#### TASK BRIEF:
Every line below is to be given again precisely; images are to be left out.

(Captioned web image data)
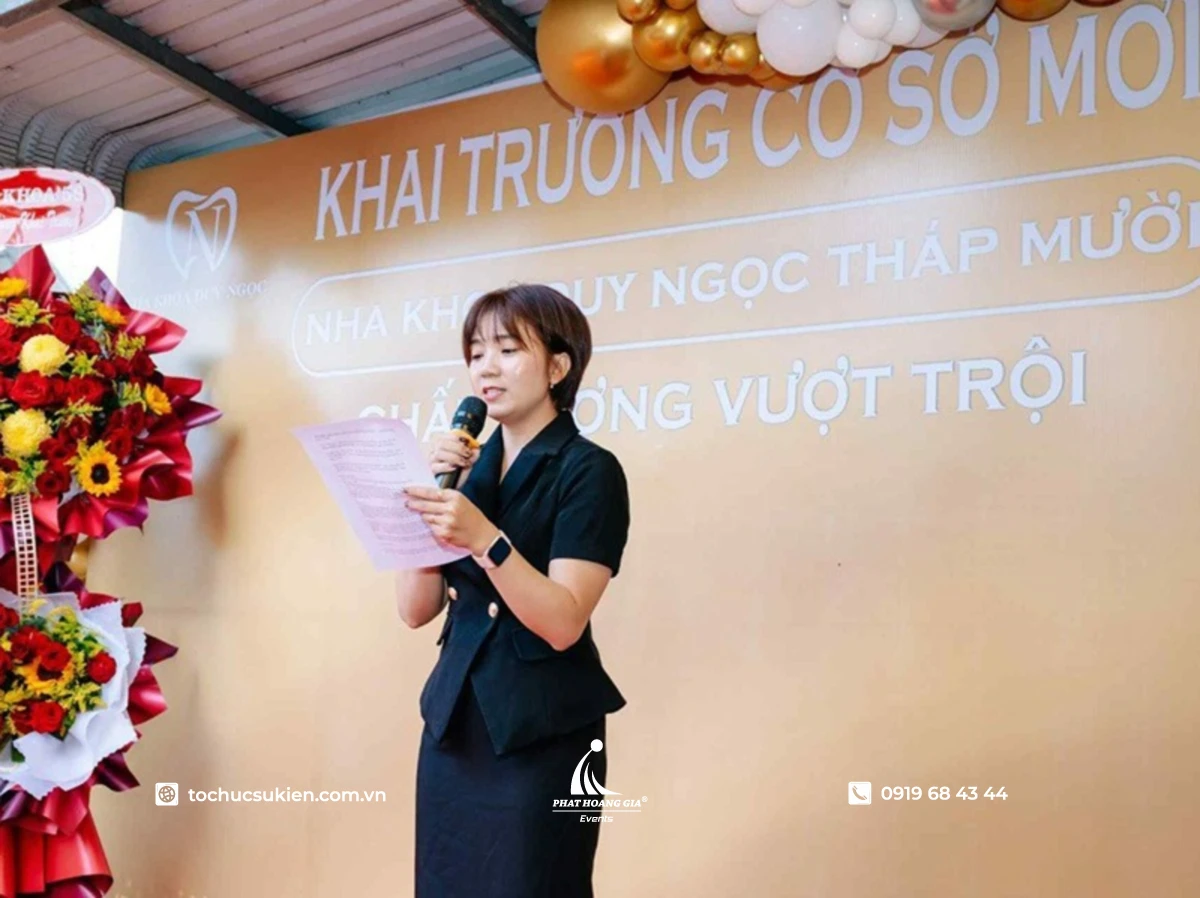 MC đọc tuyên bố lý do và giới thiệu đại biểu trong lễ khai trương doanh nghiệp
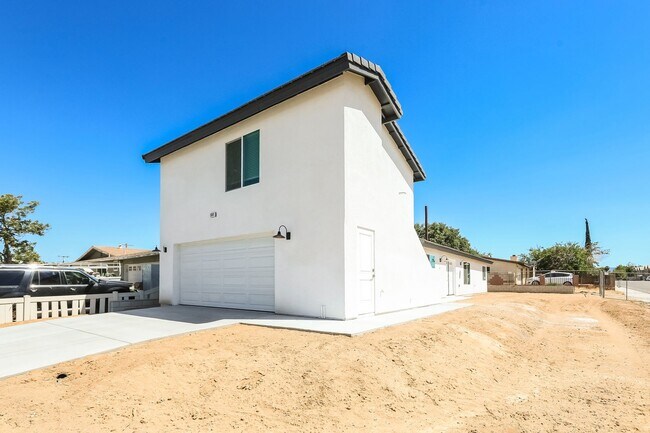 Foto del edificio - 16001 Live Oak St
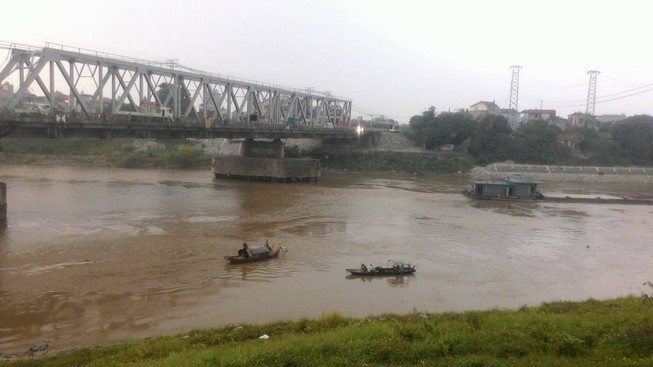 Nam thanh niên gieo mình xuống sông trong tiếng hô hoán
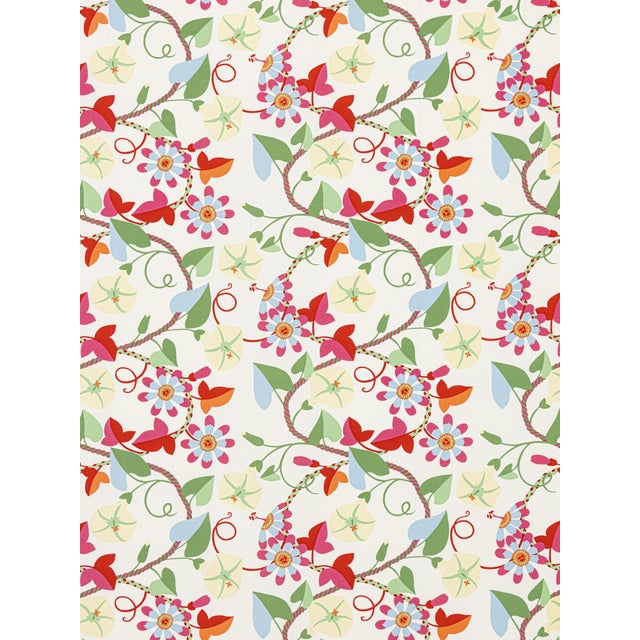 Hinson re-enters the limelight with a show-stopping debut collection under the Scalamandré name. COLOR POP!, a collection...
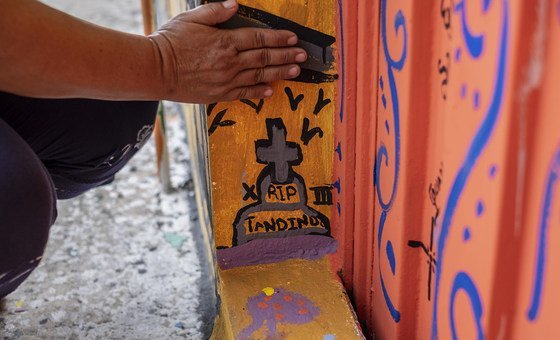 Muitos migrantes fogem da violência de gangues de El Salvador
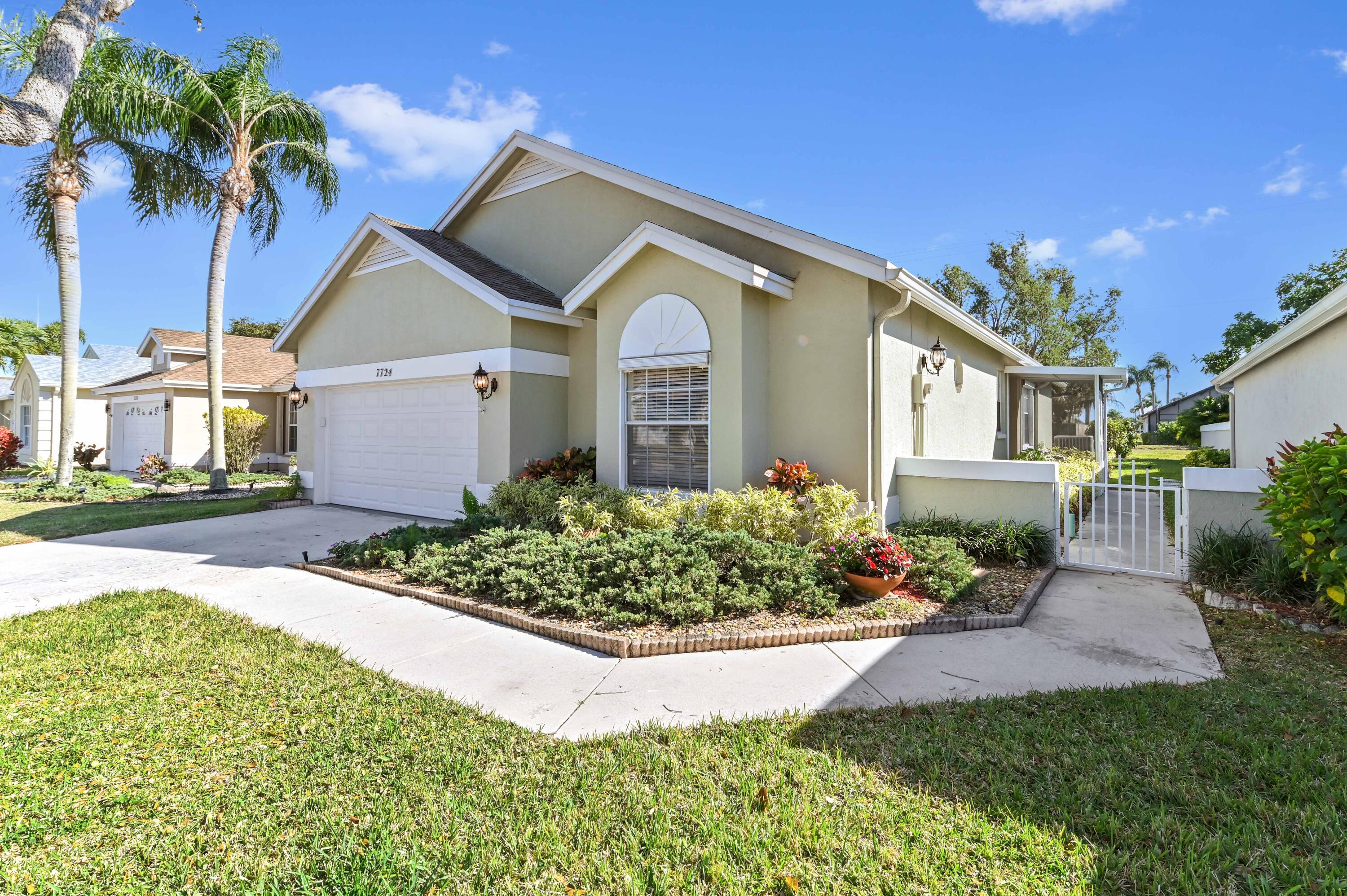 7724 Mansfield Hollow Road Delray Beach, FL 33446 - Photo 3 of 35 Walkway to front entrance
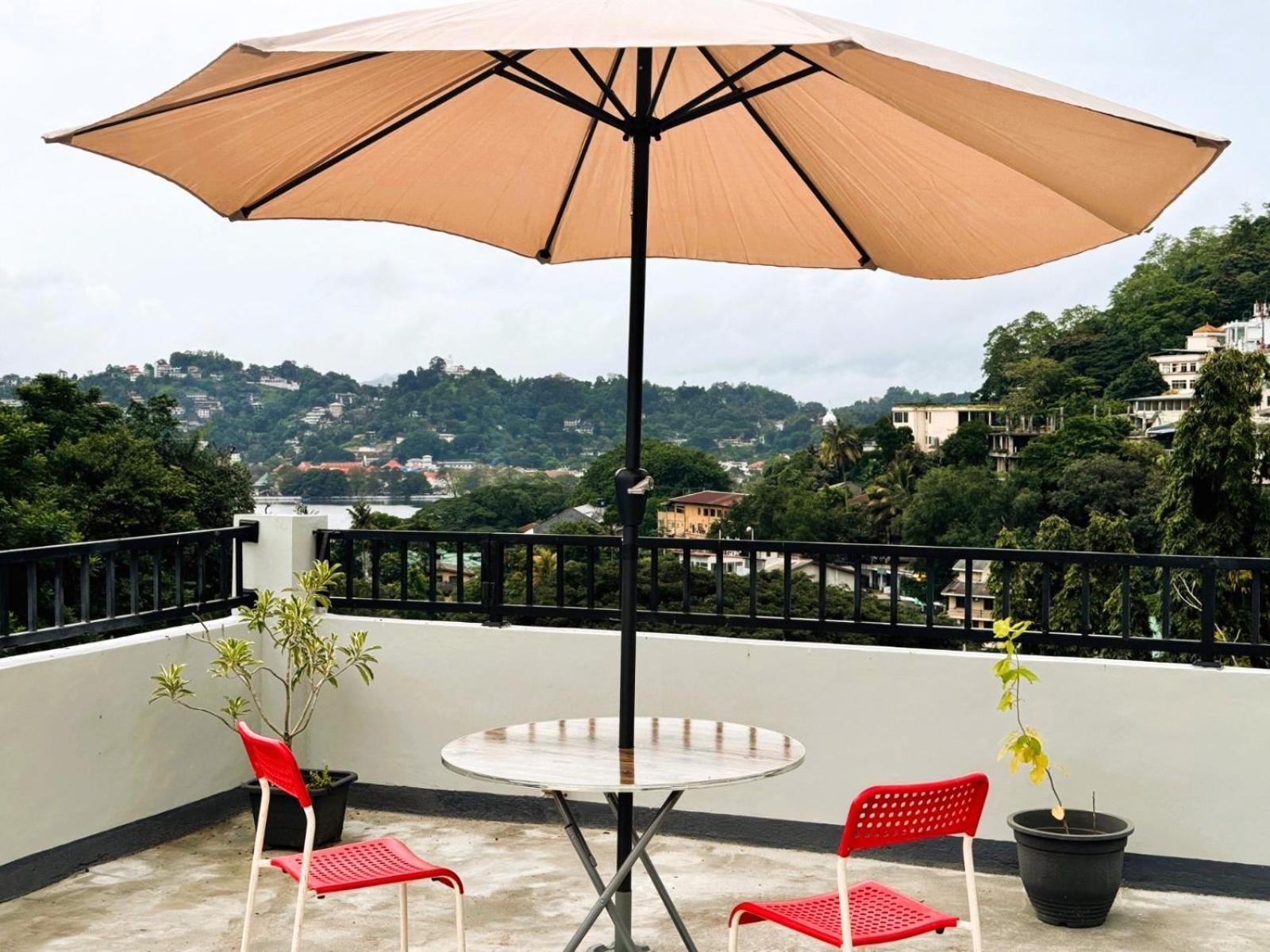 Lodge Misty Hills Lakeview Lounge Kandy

#### TASK SOLUTION:
 MC đọc tuyên bố lý do và giới thiệu đại biểu trong lễ khai trương doanh nghiệp
 Foto del edificio - 16001 Live Oak St
 Nam thanh niên gieo mình xuống sông trong tiếng hô hoán
 Hinson re-enters the limelight with a show-stopping debut collection under the Scalamandré name. COLOR POP!, a collection...
 Muitos migrantes fogem da violência de gangues de El Salvador
 7724 Mansfield Hollow Road Delray Beach, FL 33446 - Photo 3 of 35 Walkway to front entrance
 Lodge Misty Hills Lakeview Lounge Kandy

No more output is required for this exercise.